There is a feel to the shop that is unique and for a moment it is as though you are caught in a time warp, wrapt by the smell and the noises of hammering, busy sewing machines, the sharpening of knives and the cutting of leather. Despite appearances, however, this is one business that is certainly not stuck in the past.

This week the small town saddlers has been alive with customers from all over the world, calling in on their way to or from the nearby Punchestown Racing Festival. And many more flock to the area throughout the year, to shop at Berneys, which has been located in the same main street premises since 1880.

Thomas Berney and his cousin Jamie are the fifth generation to now work at the helm of the business, which has been passed from father to son throughout its 135 years in existence. Both of their fathers, brothers Tom and Jim, who are now aged in their 70s and 80s, still work in the shop.

"Back when it began there would have been a saddler in every town because the horse was the main form of transport and power on the farm as well," Thomas explains. "We survived, I suppose because of the sport horse market. Kildare is real horse county and we are really located in the epicentre of all of that."

Berneys may be a small saddlery, but its reputation for craftsmanship has made it one of the most sought-after names in saddlery around the globe.

"The Berney reputation has always been about good quality, and durable, long-lasting saddles," Thomas says. "We are producing the guts of 1,200 saddles a year and each one of those saddles is going to last 25 years, so there are a lot of Berney saddles out there.

"Until recently we didn't really do any advertising, it was all just word of mouth," Thomas explains. "Wherever the horses are, there are Irish people working and those people have brought their Berney tack with them or if they were there and what was local wasn't good enough they would send home for it.

"So a lot of our export trade is on the strength of those Irish people. We have about 20 parcels going out each week, going to all different parts of the world."

Through the generations the Berneys have been innovators in their craft and kept up with changing needs. The business has seen many highs and lows, but has lived on to tell the tale.

"The team has grown - at one stage we had about 15 lads working here - and then it would have gone down to maybe three and now it is back up now to about 10 staff," Thomas tells me.

"The business has seen world wars come and go and many recessions, and our most recent recession has had a huge effect in so far as the numbers of horses in training was halved, so obviously when there are less racehorses being trained there is less need for tack.

"During the recession was we refocused ourselves on the higher-end product and we developed a new range of Grand Prix saddles to compete at the higher end.

"You have show-jumping competitions now being won by hundredths of a second," Thomas explains. "So we knew if we could produce a saddle that is a little bit lighter or a little bit more shock-absorbent, it would give these top riders that marginal gain and our new Grand Prix range does that."

This move has been a resounding success and Berney Brothers are now the official suppliers of Team Ireland Equestrian; a hugely positive endorsement considering the fierce competition within the sport.
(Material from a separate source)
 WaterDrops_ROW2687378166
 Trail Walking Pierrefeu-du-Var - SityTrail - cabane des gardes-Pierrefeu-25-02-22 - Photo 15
But as well as this innate ability to adapt, customer loyalty has been key to the Berneys' sucess.

"We service all of the bigger stud farms," Thomas explains. "Many of our customers are incredibly loyal. Willie Mullins would be a very good customer and the Walshes too - and that is something that goes back generations.

"We are dealing with the four generations of the Mullins family, we are dealing with three generations of the Walshes, three generations of the Oxxs - so it is lovely that that relationship has been passed along to the generations.

"Without our customers we are nothing," Thomas explains. "We are producing quality products, so our customers have faith in us when we produce something new and we have always been at the cutting edge, so with that mix of tradition and innovation people believe in us.

"I often compare it to Jaguar cars," Thomas adds. "Jaguar are very innovative and they are not the only innovative car-makers, but because they have that tradition and quality behind them, people trust in them.

"Our saddles are not just being designed for the riders, they are being designed for the horses and I think that is where Berneys have a slight advantage; we are saddlers and we are also horsemen, so we understand what it's like from both sides of the counter."

Another unique element to Berneys is the fact that customers can see straight into their workshop and watch saddles and tack being made by hand, while browsing around the store. In a world almost overwhelmed by so much mass manufacturing, the opportunity to watch these master craftsmen at work is a refreshing experience.

"We take it for granted because this is what we do and this is what we have known, but I often see it when oversees visitors come into the shop and they are blown away by it," Thomas smiles.